Material provided Start Marker

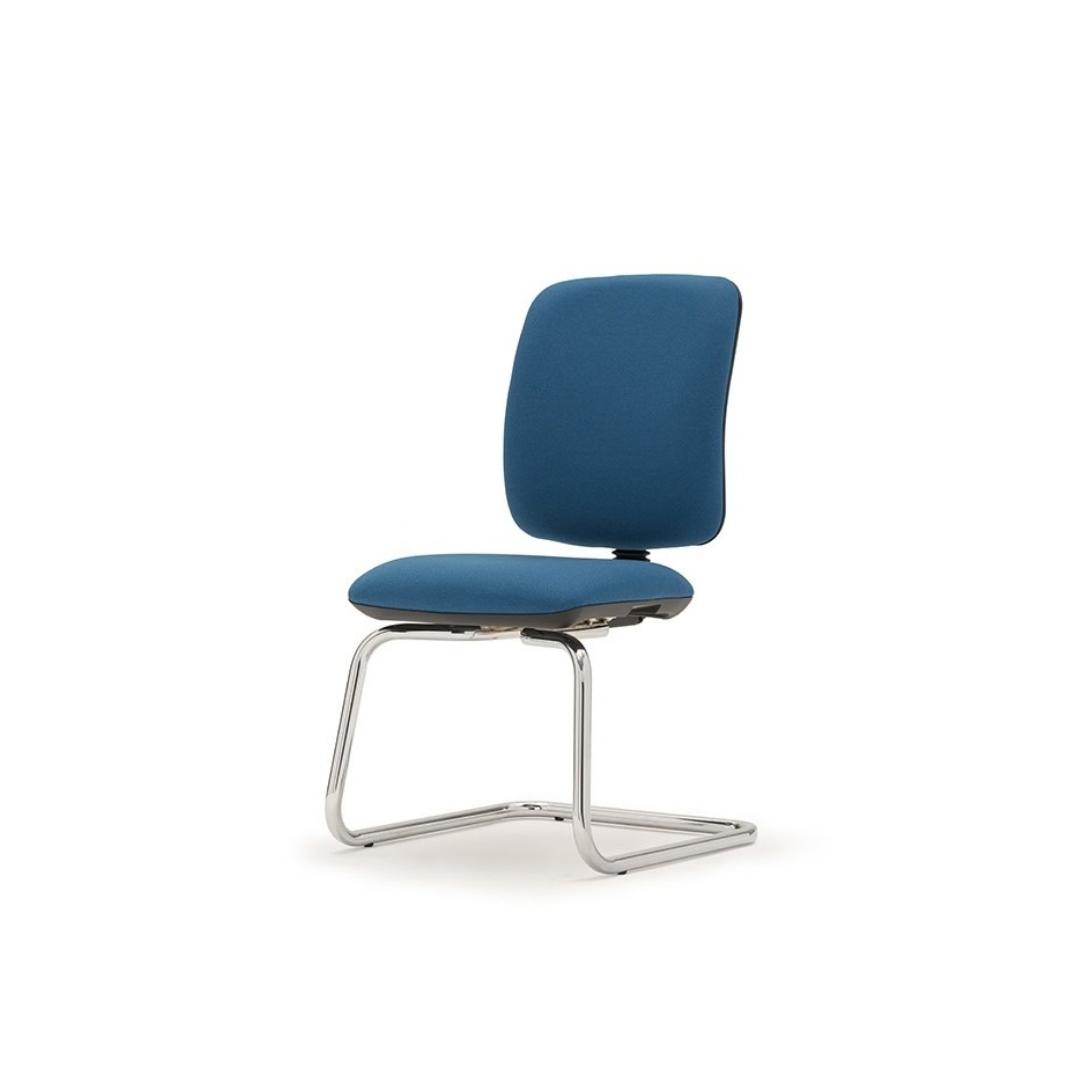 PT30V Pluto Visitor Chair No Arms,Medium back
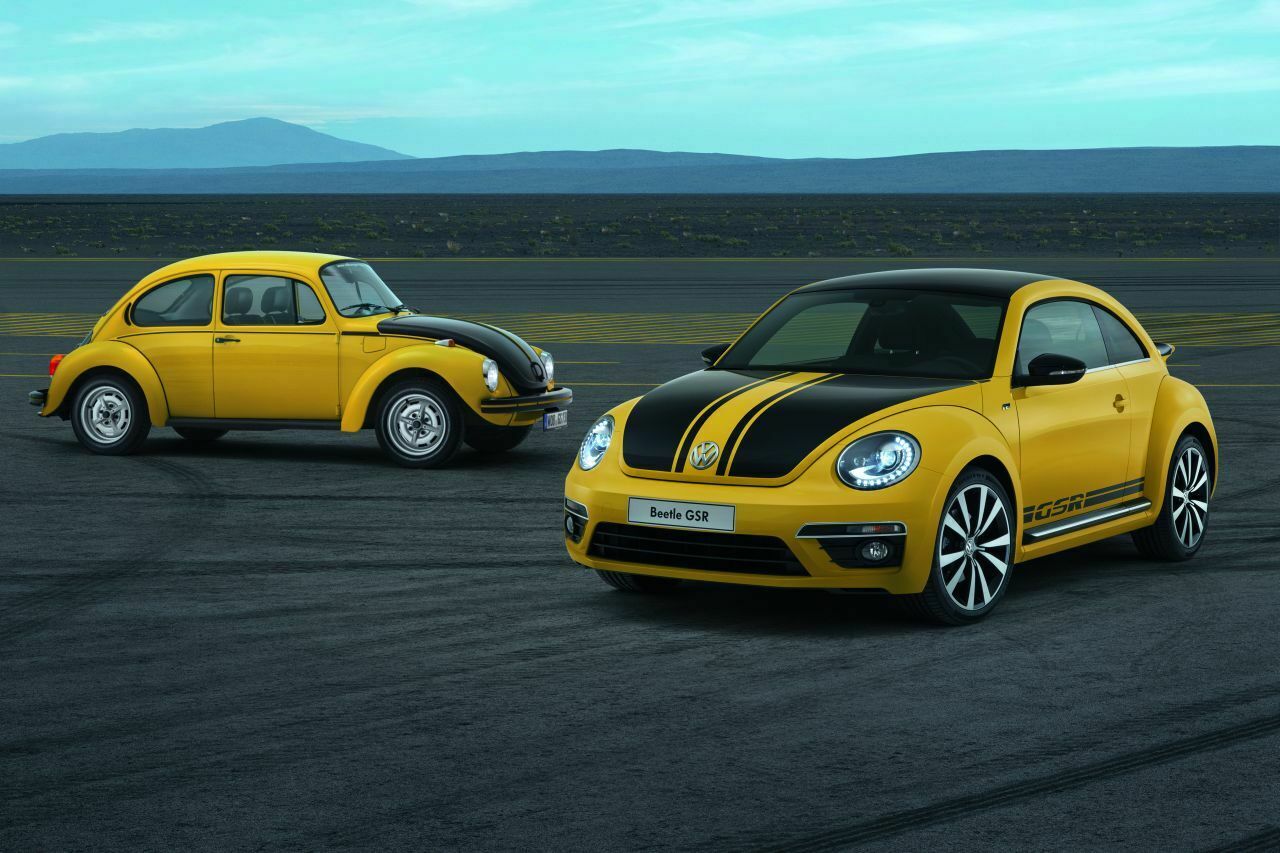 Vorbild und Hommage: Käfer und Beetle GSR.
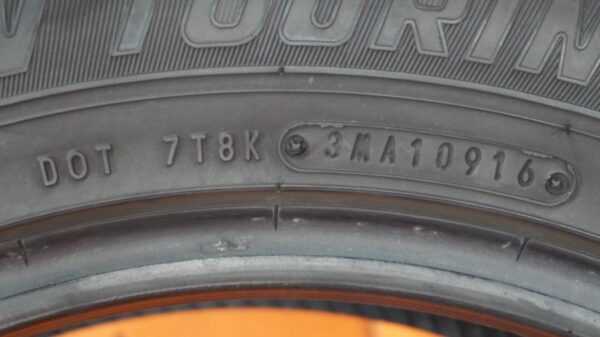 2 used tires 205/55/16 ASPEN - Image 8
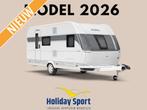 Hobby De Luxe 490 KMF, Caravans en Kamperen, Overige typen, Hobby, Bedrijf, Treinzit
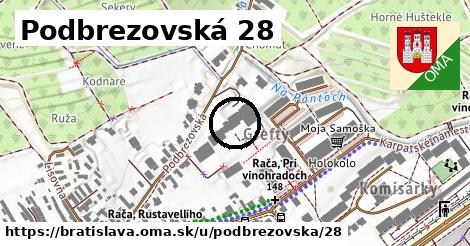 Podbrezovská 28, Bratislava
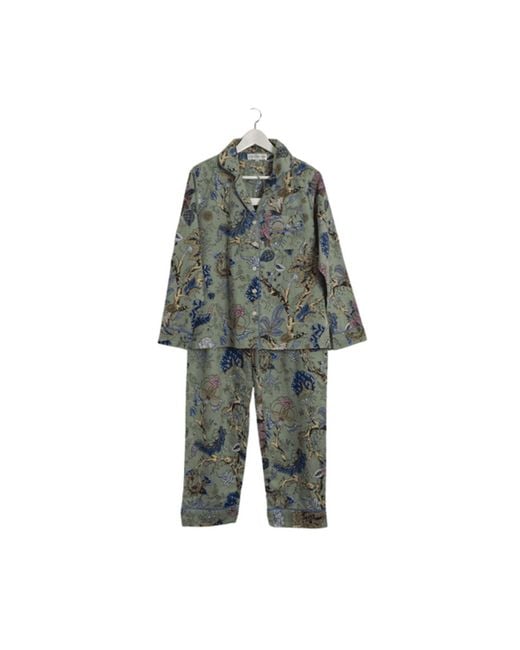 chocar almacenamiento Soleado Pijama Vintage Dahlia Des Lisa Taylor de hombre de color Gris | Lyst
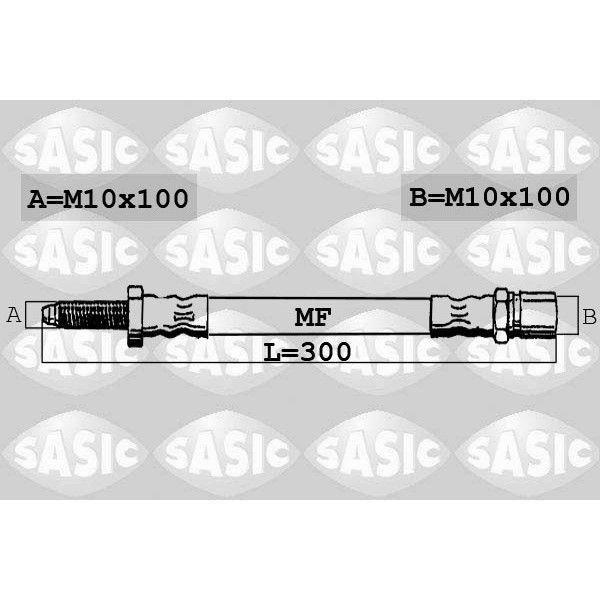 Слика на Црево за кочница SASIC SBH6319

Material provided End Marker

→ **Required action**
With pictures left out, print the lines of the material above from the line containing "Vorbild und Hommage: Käfer und Beetle GSR." through its last line, exactly and nothing more.

→ **Result of this exercise**
 Vorbild und Hommage: Käfer und Beetle GSR.
 2 used tires 205/55/16 ASPEN - Image 8
 Hobby De Luxe 490 KMF, Caravans en Kamperen, Overige typen, Hobby, Bedrijf, Treinzit
 Podbrezovská 28, Bratislava
 chocar almacenamiento Soleado Pijama Vintage Dahlia Des Lisa Taylor de hombre de color Gris | Lyst
 Слика на Црево за кочница SASIC SBH6319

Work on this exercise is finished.